> _COLLECTED DATA_
┄┄┄┄┄┄

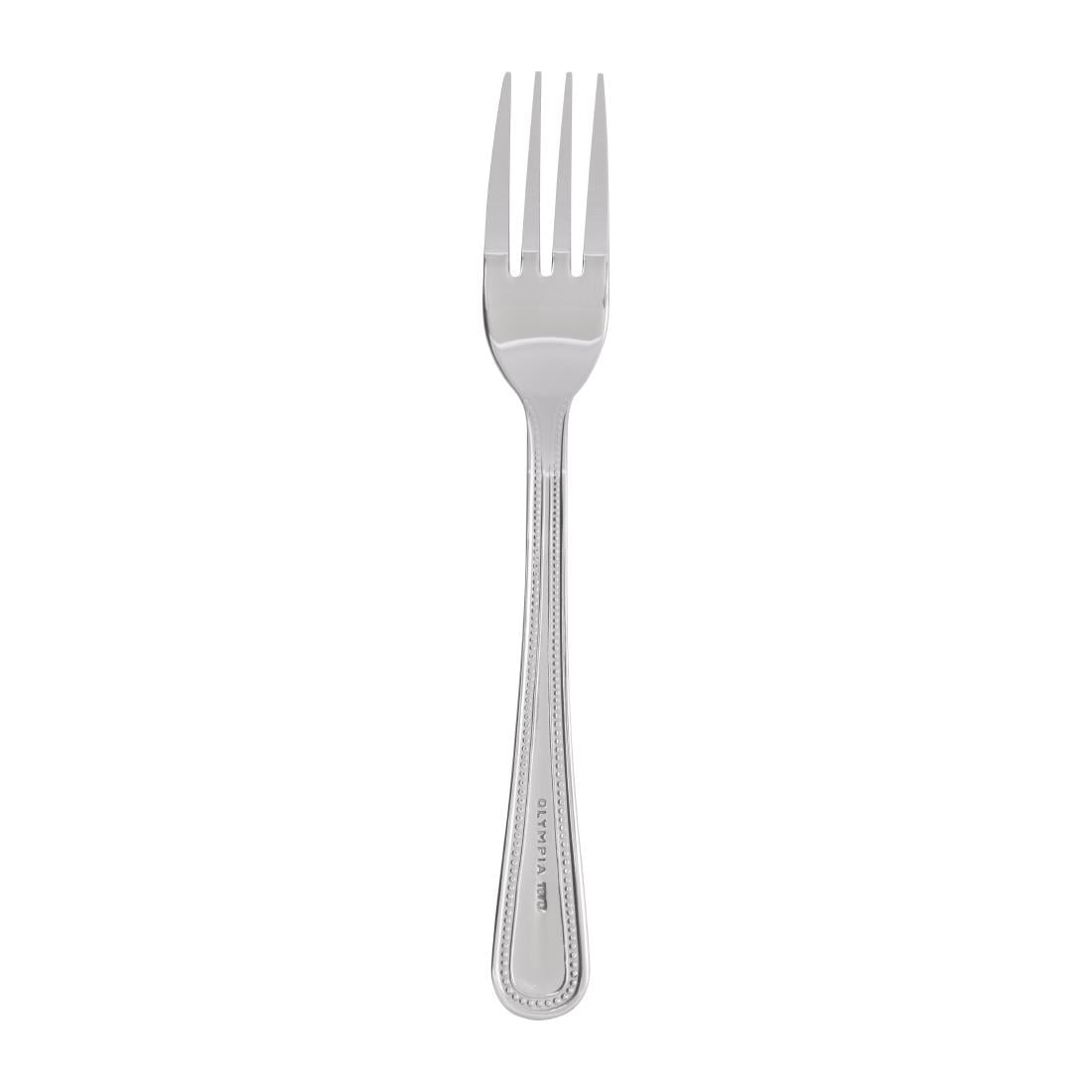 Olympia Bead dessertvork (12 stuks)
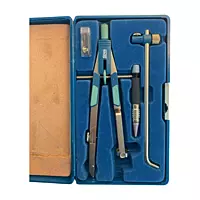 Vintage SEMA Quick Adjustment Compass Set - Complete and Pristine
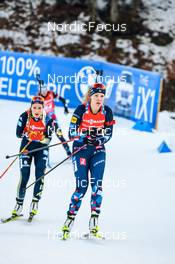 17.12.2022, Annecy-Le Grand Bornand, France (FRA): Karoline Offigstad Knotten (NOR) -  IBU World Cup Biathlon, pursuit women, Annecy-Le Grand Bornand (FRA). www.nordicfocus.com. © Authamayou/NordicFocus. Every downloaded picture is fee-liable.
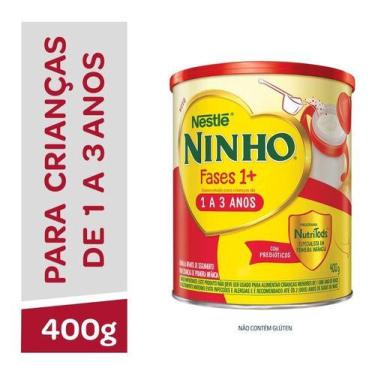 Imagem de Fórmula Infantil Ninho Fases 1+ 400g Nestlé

┄┄┄┄┄┄

> _WHAT NEEDS TO BE DONE_
Omit the pictures, then retype the remaining material without a single change.

> _ANSWER BOX_
 Olympia Bead dessertvork (12 stuks)
 Vintage SEMA Quick Adjustment Compass Set - Complete and Pristine
 17.12.2022, Annecy-Le Grand Bornand, France (FRA): Karoline Offigstad Knotten (NOR) -  IBU World Cup Biathlon, pursuit women, Annecy-Le Grand Bornand (FRA). www.nordicfocus.com. © Authamayou/NordicFocus. Every downloaded picture is fee-liable.
 Imagem de Fórmula Infantil Ninho Fases 1+ 400g Nestlé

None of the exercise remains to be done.